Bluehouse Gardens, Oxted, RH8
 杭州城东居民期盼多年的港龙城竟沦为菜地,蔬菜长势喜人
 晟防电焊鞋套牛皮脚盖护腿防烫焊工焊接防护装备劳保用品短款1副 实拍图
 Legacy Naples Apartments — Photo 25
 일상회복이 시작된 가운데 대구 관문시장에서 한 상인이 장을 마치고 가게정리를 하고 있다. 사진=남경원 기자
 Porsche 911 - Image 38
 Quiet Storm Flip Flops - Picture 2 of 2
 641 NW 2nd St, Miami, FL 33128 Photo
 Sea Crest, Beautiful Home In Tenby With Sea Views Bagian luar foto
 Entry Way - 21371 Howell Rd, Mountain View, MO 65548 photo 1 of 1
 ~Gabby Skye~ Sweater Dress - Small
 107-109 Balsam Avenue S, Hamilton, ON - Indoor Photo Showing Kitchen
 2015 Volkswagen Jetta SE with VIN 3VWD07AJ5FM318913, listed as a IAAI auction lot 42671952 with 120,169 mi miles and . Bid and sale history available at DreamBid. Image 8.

## YOUR INSTRUCTIONS:
Could you write out the material above exactly as it appears?

## RESPONSE TO THIS TASK:
Bluehouse Gardens, Oxted, RH8
 杭州城东居民期盼多年的港龙城竟沦为菜地,蔬菜长势喜人
 晟防电焊鞋套牛皮脚盖护腿防烫焊工焊接防护装备劳保用品短款1副 实拍图
 Legacy Naples Apartments — Photo 25
 일상회복이 시작된 가운데 대구 관문시장에서 한 상인이 장을 마치고 가게정리를 하고 있다. 사진=남경원 기자
 Porsche 911 - Image 38
 Quiet Storm Flip Flops - Picture 2 of 2
 641 NW 2nd St, Miami, FL 33128 Photo
 Sea Crest, Beautiful Home In Tenby With Sea Views Bagian luar foto
 Entry Way - 21371 Howell Rd, Mountain View, MO 65548 photo 1 of 1
 ~Gabby Skye~ Sweater Dress - Small
 107-109 Balsam Avenue S, Hamilton, ON - Indoor Photo Showing Kitchen
 2015 Volkswagen Jetta SE with VIN 3VWD07AJ5FM318913, listed as a IAAI auction lot 42671952 with 120,169 mi miles and . Bid and sale history available at DreamBid. Image 8.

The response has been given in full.